Cross-National Comparative Observations
Comparing consultation topics between the UK and Australia, the paper identifies both convergence and context-specific divergence. Australian consultation processes more frequently solicit input on Health and Environmental Protection, while UK consultations emphasize General Public Services, Social Protection, and Housing. These distinctions underscore the context dependency of engagement architectures and the necessity of standardization for international comparative research. They also highlight limitations in inferring societal priorities solely from published engagement data.
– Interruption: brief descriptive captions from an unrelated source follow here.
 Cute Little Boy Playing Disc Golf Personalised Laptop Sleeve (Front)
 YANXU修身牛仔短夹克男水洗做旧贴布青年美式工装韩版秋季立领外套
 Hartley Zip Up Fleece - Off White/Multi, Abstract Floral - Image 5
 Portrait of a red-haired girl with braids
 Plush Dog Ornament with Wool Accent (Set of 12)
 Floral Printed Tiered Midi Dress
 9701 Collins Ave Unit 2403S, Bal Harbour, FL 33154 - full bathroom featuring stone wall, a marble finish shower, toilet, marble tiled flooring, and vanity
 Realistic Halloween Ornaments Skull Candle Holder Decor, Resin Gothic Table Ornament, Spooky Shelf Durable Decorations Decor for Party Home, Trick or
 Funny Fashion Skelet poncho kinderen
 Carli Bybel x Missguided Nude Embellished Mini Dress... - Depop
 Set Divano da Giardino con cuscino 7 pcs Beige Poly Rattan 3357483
Semantic Matching and Institutional Alignment
A comprehensive matching analysis leveraging UK university publication corpora (2020-2025) quantitatively assesses research-policy alignment. The number of high-confidence matches (Green-tier) correlates strongly and linearly with institutional publication volume, but proportional coverage (i.e., the percentage of unique policy opportunities matched) exhibits saturation: smaller research-intensive institutions with specialized domains (such as LSHTM for Health or King's College London for Defence) can match or exceed larger institutions in specific domains despite substantially lower overall output.
Across all 5,059 UK opportunities, 97.3% had at least one high-confidence match from a UK university, indicating broad research sector capacity to contribute to publicly documented policy needs. Nonetheless, substantial variance persists in domain-level alignment, with Defence opportunities manifesting the most pronounced specialization.
Theoretical and Practical Implications
Overton Engage constitutes a critical advance for empirical studies at the research-policy interface, enabling:
- Systematic quantitative assessment of alignment between national research capacity and policy engagement needs.
- Cross-sectional and longitudinal mapping of opportunity equality, institutional advantage, and temporal evolution in engagement mechanisms.
- Direct evaluation of thematic and disciplinary gaps, enabling funders and policymakers to identify areas of under-resourcing or missed academic input.
- Investigation into how institutional strategy, size, and specialization impact efficacy in capturing policy engagement opportunity space.
Immediate limitations arise from ongoing coverage imbalance and from dependence on public documentation norms, which may systematically obscure invitation-based or informal engagement. Extension to additional jurisdictions and engagement types, improved standardization, and collaboration between policy organizations and research institutions are identified as priorities for reducing selection bias and maximizing analytical power.
Conclusion
Overton Engage (2604.01729) presents a robust data and computational framework for overcoming entrenched information asymmetries in academic-policy engagement. By centralizing, standardizing, and semantically linking policy engagement opportunities to scholarly output, the system provides new affordances for both practical engagement discovery and academic analysis of research-policy systems. The demonstrated methodology supports comprehensive mapping of coverage and reveals both the strengths and inefficiencies of the current policy engagement ecosystem, with significant implications for how governments, funders, and research organizations evaluate and optimize knowledge mobilization. Ongoing expansion in coverage and refinement of both opportunity documentation and matching algorithms will further solidify Overton Engage as critical infrastructure for studies of evidence-based policy and for fostering more inclusive, responsive academic-policy interaction.